Task inputs:
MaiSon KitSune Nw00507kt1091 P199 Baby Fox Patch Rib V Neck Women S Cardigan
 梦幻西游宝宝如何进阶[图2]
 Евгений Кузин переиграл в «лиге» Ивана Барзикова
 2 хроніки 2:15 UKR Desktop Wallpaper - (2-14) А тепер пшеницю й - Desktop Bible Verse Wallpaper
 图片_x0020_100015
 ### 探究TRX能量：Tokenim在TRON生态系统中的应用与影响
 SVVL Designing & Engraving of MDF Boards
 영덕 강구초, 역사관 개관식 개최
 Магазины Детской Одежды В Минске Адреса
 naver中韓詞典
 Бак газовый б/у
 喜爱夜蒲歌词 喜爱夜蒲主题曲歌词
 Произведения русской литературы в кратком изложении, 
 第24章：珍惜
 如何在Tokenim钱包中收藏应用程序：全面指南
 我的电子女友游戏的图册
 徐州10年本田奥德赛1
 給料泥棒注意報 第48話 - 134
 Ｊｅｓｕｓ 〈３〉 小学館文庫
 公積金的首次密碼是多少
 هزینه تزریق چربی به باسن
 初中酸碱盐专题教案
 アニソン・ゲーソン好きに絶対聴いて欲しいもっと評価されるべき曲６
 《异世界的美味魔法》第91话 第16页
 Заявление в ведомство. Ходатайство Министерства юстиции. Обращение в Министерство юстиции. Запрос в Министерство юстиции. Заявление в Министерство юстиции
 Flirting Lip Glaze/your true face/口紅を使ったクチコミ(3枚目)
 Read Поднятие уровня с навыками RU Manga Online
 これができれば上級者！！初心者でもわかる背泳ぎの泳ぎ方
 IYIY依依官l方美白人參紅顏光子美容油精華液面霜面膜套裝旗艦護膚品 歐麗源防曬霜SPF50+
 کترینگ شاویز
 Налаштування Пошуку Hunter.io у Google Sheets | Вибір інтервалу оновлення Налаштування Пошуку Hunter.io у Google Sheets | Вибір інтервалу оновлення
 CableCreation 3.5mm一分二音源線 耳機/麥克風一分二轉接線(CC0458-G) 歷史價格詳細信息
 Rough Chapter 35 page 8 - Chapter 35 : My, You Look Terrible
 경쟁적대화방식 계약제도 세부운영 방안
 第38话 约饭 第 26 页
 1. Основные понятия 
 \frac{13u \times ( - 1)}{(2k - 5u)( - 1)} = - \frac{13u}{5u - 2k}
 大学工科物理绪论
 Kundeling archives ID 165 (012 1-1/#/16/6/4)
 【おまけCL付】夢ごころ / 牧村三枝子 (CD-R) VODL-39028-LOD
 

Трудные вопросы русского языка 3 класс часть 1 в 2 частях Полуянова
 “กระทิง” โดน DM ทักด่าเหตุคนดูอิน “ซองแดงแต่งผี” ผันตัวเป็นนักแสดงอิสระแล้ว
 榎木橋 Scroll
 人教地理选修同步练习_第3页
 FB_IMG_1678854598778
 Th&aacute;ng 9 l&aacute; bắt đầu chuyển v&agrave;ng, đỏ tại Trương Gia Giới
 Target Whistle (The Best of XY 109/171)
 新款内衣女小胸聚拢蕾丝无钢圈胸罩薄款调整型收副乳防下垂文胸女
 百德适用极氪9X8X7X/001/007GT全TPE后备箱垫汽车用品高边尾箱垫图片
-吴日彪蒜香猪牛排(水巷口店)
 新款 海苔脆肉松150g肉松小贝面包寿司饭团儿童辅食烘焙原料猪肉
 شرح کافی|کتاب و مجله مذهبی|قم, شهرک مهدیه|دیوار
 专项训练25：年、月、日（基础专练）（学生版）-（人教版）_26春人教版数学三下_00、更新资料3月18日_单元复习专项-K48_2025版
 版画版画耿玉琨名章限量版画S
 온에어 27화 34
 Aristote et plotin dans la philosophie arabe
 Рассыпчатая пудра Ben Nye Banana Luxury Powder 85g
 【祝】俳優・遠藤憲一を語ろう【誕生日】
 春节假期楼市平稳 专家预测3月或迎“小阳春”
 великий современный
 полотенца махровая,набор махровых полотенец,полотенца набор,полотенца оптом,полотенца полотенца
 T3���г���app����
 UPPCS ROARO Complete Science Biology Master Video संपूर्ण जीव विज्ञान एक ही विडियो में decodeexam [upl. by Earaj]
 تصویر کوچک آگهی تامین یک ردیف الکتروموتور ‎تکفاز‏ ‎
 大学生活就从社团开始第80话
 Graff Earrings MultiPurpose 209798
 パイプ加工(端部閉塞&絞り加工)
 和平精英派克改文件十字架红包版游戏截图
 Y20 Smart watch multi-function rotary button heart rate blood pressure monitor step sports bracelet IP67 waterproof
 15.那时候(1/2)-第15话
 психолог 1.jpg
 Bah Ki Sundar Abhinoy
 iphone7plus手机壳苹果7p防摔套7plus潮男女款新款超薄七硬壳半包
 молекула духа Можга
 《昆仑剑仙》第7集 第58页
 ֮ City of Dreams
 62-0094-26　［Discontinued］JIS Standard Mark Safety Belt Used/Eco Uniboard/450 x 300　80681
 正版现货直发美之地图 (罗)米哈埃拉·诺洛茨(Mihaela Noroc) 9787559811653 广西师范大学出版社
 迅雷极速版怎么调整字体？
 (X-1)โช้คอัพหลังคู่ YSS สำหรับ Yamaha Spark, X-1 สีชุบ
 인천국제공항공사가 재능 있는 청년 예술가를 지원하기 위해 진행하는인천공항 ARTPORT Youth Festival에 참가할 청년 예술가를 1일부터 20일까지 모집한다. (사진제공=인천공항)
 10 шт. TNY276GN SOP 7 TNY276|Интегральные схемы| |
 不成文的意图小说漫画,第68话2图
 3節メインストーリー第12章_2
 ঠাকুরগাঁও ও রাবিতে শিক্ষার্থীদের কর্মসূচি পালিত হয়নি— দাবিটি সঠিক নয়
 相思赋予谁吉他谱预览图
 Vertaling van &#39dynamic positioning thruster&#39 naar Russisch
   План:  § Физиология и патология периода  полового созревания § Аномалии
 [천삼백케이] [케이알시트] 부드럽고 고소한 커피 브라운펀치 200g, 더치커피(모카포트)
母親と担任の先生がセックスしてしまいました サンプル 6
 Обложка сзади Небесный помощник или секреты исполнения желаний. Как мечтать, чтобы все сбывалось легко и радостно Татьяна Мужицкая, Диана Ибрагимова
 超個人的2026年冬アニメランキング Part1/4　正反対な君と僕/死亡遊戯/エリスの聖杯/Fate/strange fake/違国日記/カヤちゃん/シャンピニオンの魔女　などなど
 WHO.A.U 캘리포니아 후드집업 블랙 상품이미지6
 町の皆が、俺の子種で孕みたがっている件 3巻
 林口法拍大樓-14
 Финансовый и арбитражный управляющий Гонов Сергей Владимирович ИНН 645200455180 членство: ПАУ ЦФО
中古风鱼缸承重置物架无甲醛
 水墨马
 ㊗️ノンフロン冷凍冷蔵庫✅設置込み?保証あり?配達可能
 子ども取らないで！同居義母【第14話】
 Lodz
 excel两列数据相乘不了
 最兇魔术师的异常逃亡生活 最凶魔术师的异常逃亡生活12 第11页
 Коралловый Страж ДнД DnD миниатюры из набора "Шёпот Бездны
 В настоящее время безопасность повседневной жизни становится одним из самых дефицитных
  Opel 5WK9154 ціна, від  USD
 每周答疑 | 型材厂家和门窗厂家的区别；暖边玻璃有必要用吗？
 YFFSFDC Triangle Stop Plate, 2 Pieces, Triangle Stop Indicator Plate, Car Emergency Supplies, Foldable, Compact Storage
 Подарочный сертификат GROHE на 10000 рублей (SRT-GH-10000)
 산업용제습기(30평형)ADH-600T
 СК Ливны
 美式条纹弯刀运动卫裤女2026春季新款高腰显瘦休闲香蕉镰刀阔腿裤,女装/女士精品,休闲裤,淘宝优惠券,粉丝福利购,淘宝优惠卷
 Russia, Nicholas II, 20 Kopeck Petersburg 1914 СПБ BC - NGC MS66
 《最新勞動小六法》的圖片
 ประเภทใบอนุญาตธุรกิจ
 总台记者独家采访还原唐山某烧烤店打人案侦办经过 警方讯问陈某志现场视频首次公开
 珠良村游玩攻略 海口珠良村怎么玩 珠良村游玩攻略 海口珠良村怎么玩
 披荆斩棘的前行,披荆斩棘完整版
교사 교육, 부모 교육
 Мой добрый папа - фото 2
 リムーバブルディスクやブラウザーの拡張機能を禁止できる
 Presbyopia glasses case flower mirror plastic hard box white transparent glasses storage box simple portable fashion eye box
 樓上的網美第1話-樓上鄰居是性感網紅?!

Task description:
Would you output, from the records above, exactly the run of lines that starts at the line containing "Евгений Кузин переиграл" and ends at the line containing "Бак газовый б/у", and only that run?

Result of this exercise:
 Евгений Кузин переиграл в «лиге» Ивана Барзикова
 2 хроніки 2:15 UKR Desktop Wallpaper - (2-14) А тепер пшеницю й - Desktop Bible Verse Wallpaper
 图片_x0020_100015
 ### 探究TRX能量：Tokenim在TRON生态系统中的应用与影响
 SVVL Designing & Engraving of MDF Boards
 영덕 강구초, 역사관 개관식 개최
 Магазины Детской Одежды В Минске Адреса
 naver中韓詞典
 Бак газовый б/у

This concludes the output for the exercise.